* **Exercise goal**
Your reply is to be the lines below, exactly as written, with images omitted.

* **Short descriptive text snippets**

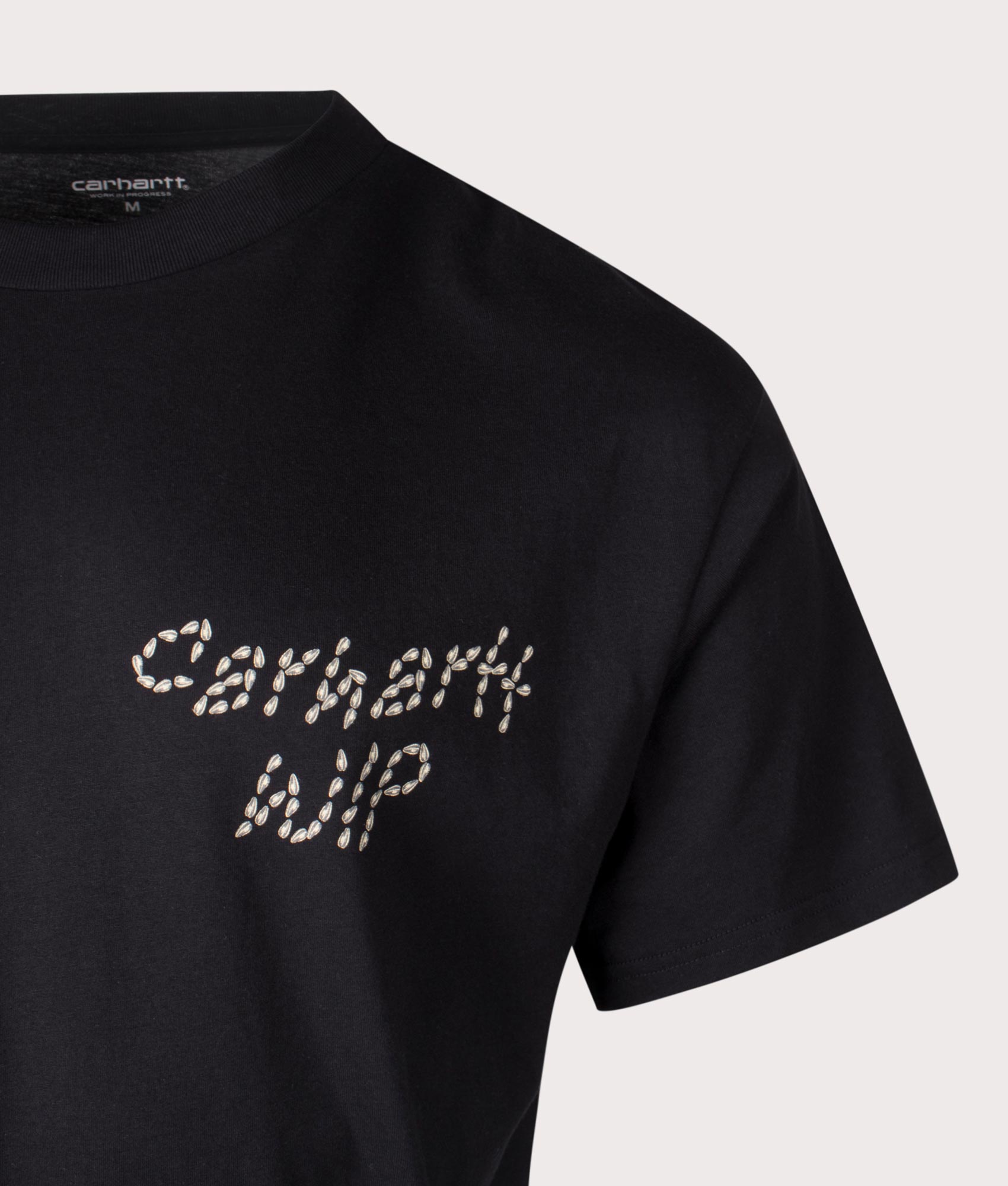 Carhartt WIP Relaxed Fit Sunflower T-Shirt in Black, 100% cotton at EQVVS. Close-up shot. 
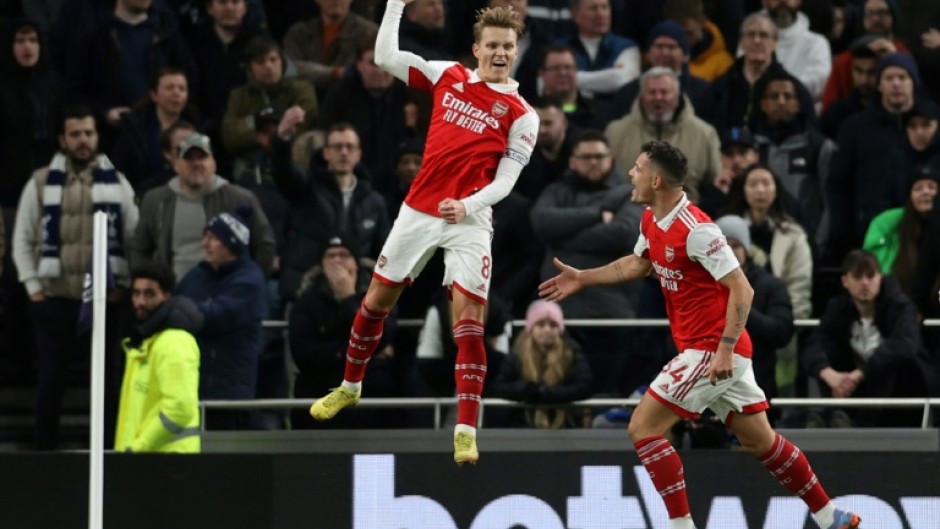 Soaring clear: Martin Odegaard (centre) scored as Arsenal moved eight points clear at the top of the Premier League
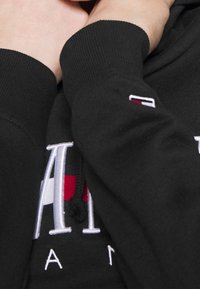 Sudadera negra con puños de punto, que presenta un gran logotipo bordado en blanco con acentos en rojo y azul en la parte delantera y un pequeño logotipo en la manga.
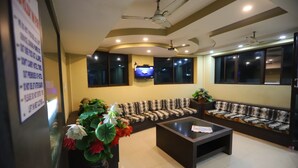 A modern living room with a sofa, a coffee table, and a TV mounted on the wall. - Larica Holiday Inn Puri (Puri)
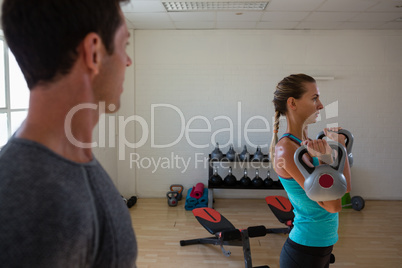 Male trainer looking at female athlete lifting kettlebells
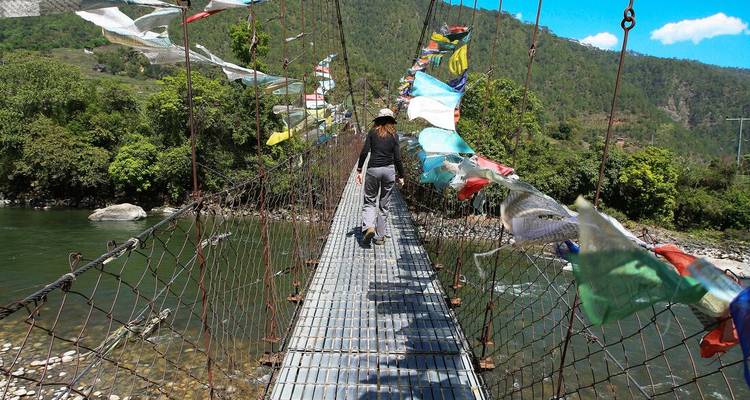Le voyageur traverse un pont suspendu étroit bordé de drapeaux de prière au-dessus des gorges boisées de la rivière.
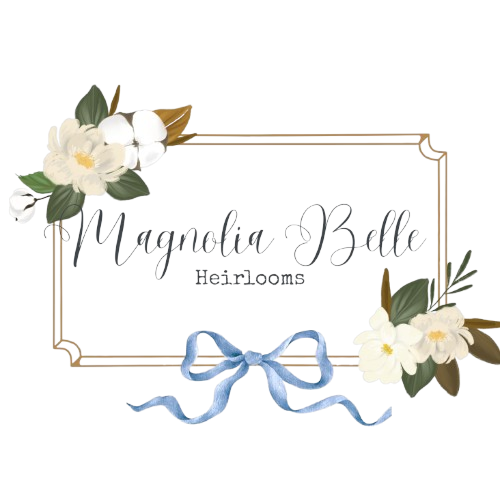 Magnolia Belle Heirlooms logo with magnolia flowers, gold frame, and blue ribbon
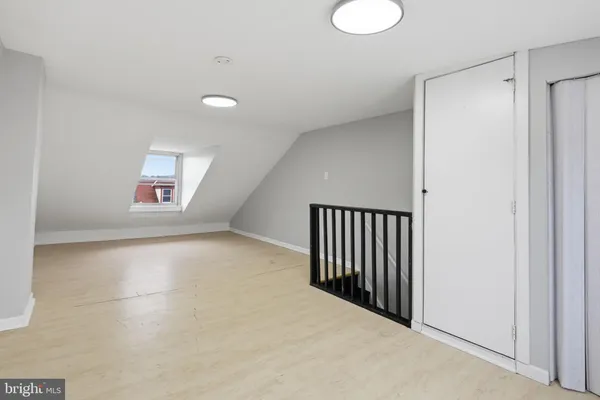 an empty room with windows and closet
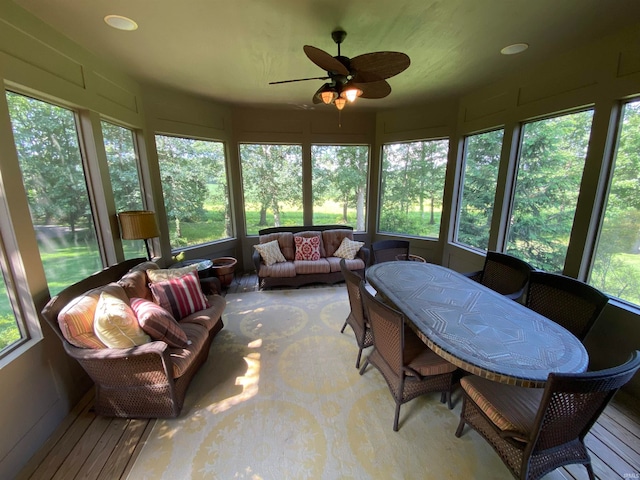 sunroom with plenty of natural light and ceiling fan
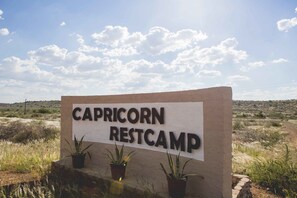 A sign for Capricorn Restcamp with three potted plants in front. - Capricorn Restcamp (Rietoog)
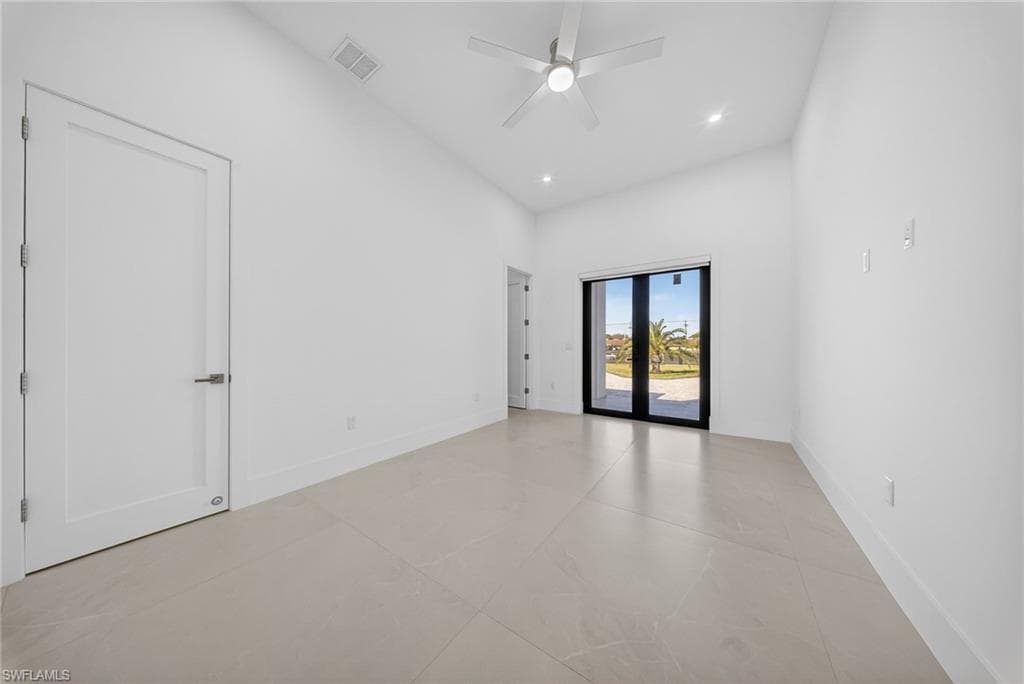 Empty room featuring a ceiling fan, a high ceiling, french doors, and recessed lighting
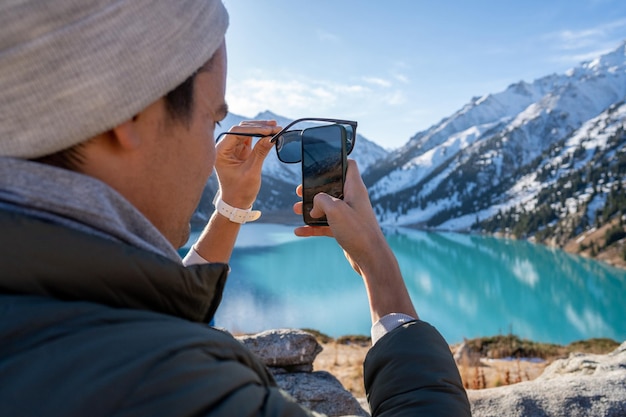 山の湖の写真を撮る男の肩越しの画像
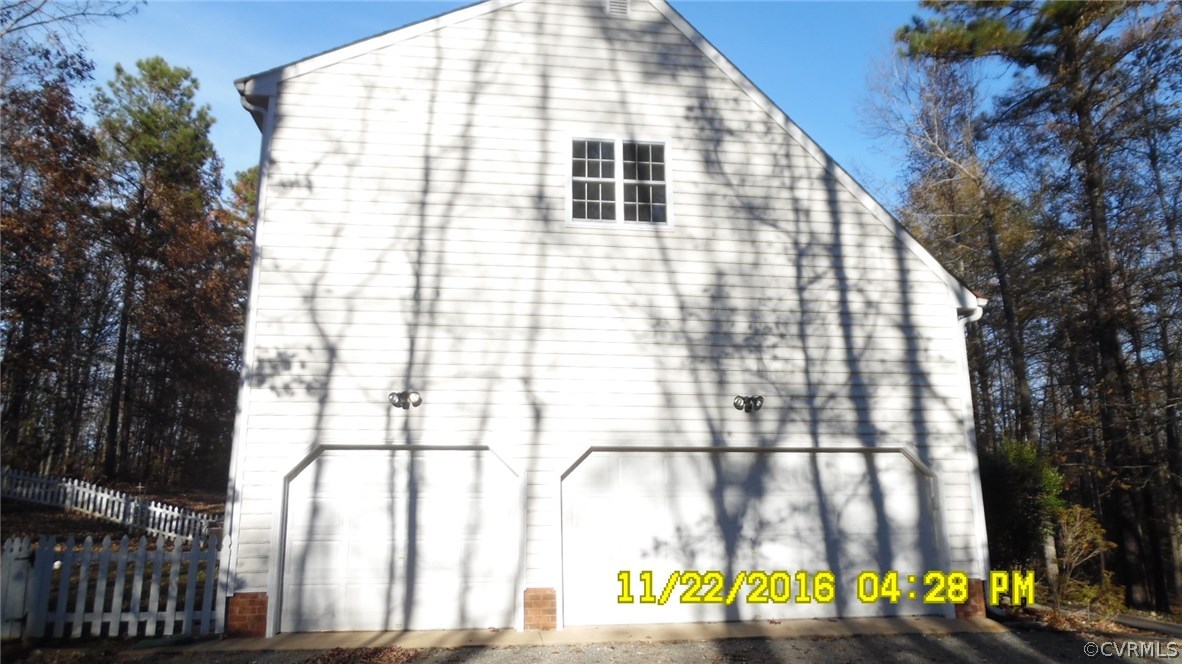 15263 Devonwood Road Montpelier, VA 23192 - Photo 28 of 35 Left Elevation Showing 3+ Car Garage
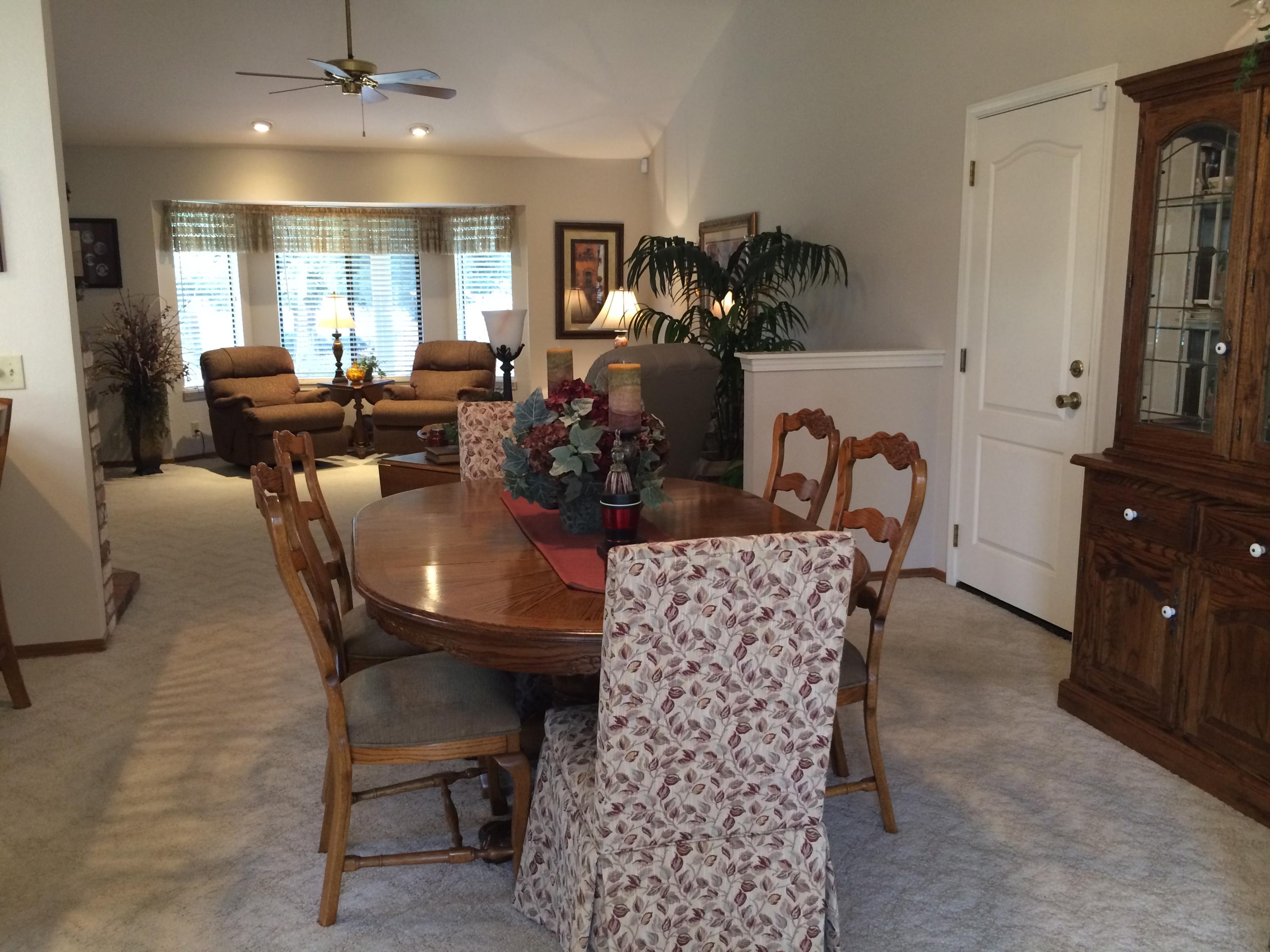 6577 Flicker Way Anderson, CA 96007 - Photo 4 of 41 a view of a dining room with furniture and chandelier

* **Response area**
 Carhartt WIP Relaxed Fit Sunflower T-Shirt in Black, 100% cotton at EQVVS. Close-up shot. 
 Soaring clear: Martin Odegaard (centre) scored as Arsenal moved eight points clear at the top of the Premier League
 Sudadera negra con puños de punto, que presenta un gran logotipo bordado en blanco con acentos en rojo y azul en la parte delantera y un pequeño logotipo en la manga.
 A modern living room with a sofa, a coffee table, and a TV mounted on the wall. - Larica Holiday Inn Puri (Puri)
 Male trainer looking at female athlete lifting kettlebells
Le voyageur traverse un pont suspendu étroit bordé de drapeaux de prière au-dessus des gorges boisées de la rivière.
 Magnolia Belle Heirlooms logo with magnolia flowers, gold frame, and blue ribbon
 an empty room with windows and closet
 sunroom with plenty of natural light and ceiling fan
 A sign for Capricorn Restcamp with three potted plants in front. - Capricorn Restcamp (Rietoog)
 Empty room featuring a ceiling fan, a high ceiling, french doors, and recessed lighting
 山の湖の写真を撮る男の肩越しの画像
 15263 Devonwood Road Montpelier, VA 23192 - Photo 28 of 35 Left Elevation Showing 3+ Car Garage
 6577 Flicker Way Anderson, CA 96007 - Photo 4 of 41 a view of a dining room with furniture and chandelier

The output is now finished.